Signs of hope


About 15 years ago, Minnesota was dealing with a bunch of ignorant radicals who were packing school boards, and had even captured the position of educational commissioner in the form of Cheri Yecke. It was ugly. I was attending school board meetings that featured train of young earth creationists standing up to parrot nonsense…but, fortunately, we also had genuine grass roots people standing up to oppose them. We’ve still got wretched right wingers filling school boards, but at least I think we totally crushed the creationist insurgence here, and Yecke is long gone.

Now, though, the US (not so much Minnesota) is dealing with another group of astro-turfing assholes, Moms for Liberty. There are signs that they are getting desperate. Would you believe Moms for Liberty was trying to build a claque to attend a school board meeting? They were recruiting “talented clappers” to pack the audience.

It’s not working.

What’s happening instead is that the general public is getting fired up. They hate those arrogant Karens. They’ve recently won school board elections, but like the creationists, as word gets around, the public rises up and notices and starts firing back.
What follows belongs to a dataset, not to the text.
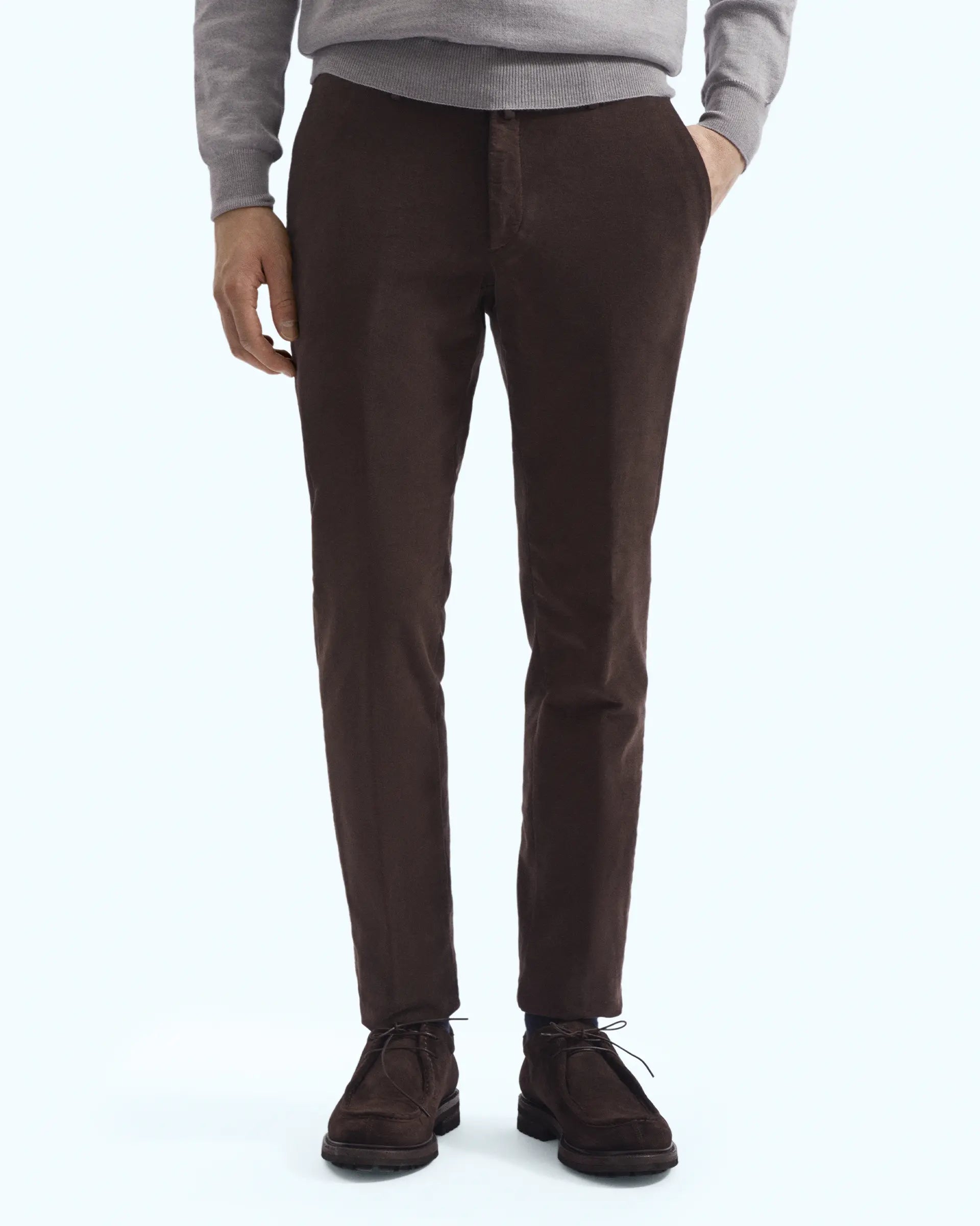 Brown  Velvet Cotton Stretch Pants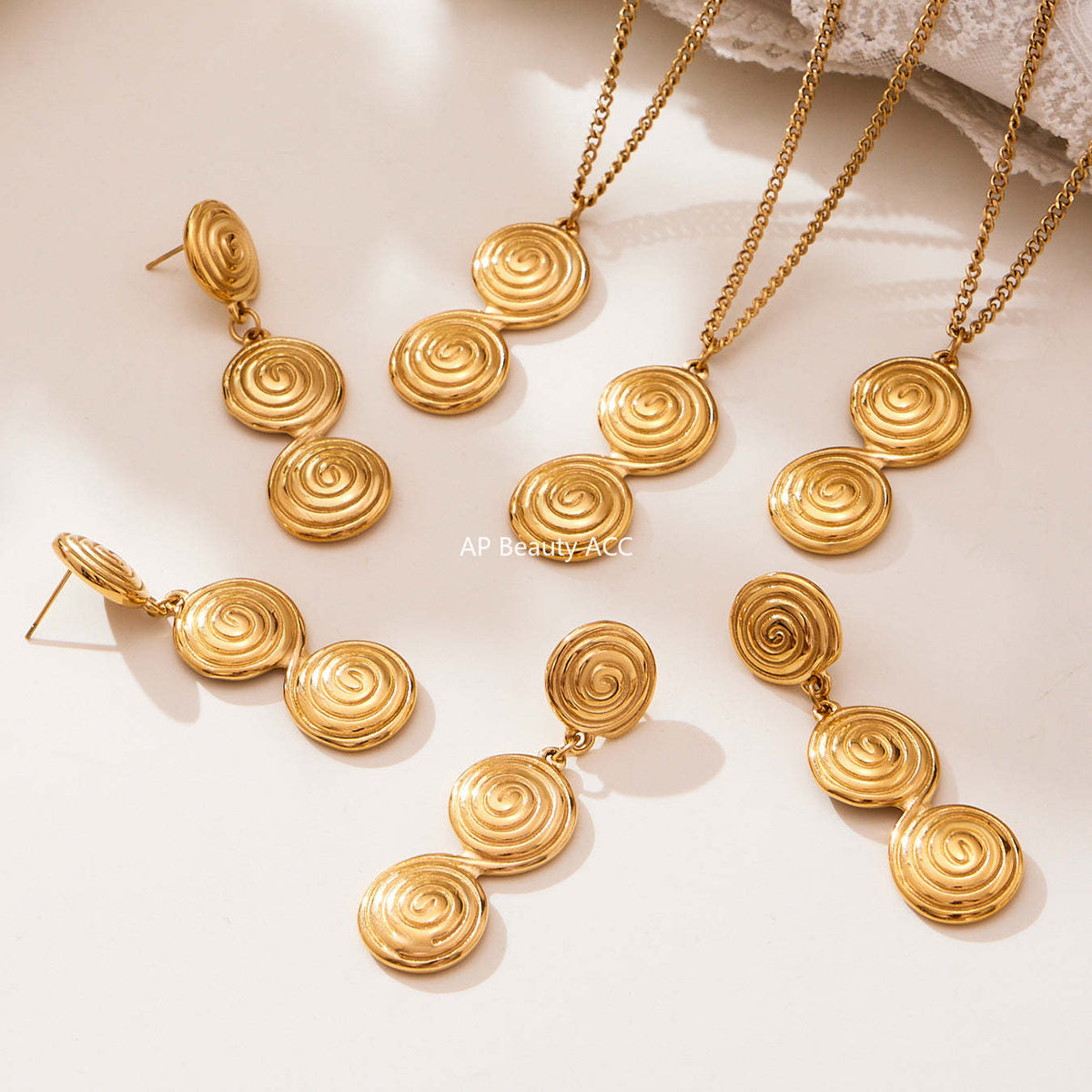 D관 - 스테인리스 스틸 나선형 원형 디자인 귀걸이 목걸이 [TXP448] 25.10-4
Most of the attendees saw that appeal as a minor victory, or at least as evidence that they were gaining ground in the battle for control over the school district — one of hundreds of similar battles unfolding all over the country. Yes, the Pennridge school board was dominated by far-right members, one of whom had been present in Washington for Donald Trump’s “Stop the Steal” rally-turned-riot on Jan. 6, 2021. Yes, at least five of the nine board members were linked to Moms for Liberty, a right-wing “astroturf” organization that has orchestrated a national campaign to remake public education along arch-conservative and anti-intellectual lines. But Pennridge board meetings for months had been dominated by outraged parents speaking out against the Moms for Liberty incursion and the board majority’s apparent agenda. Conservative forces were sufficiently worried about the optics, it appeared, that they were eager to pull in “talented clappers” from outside the community.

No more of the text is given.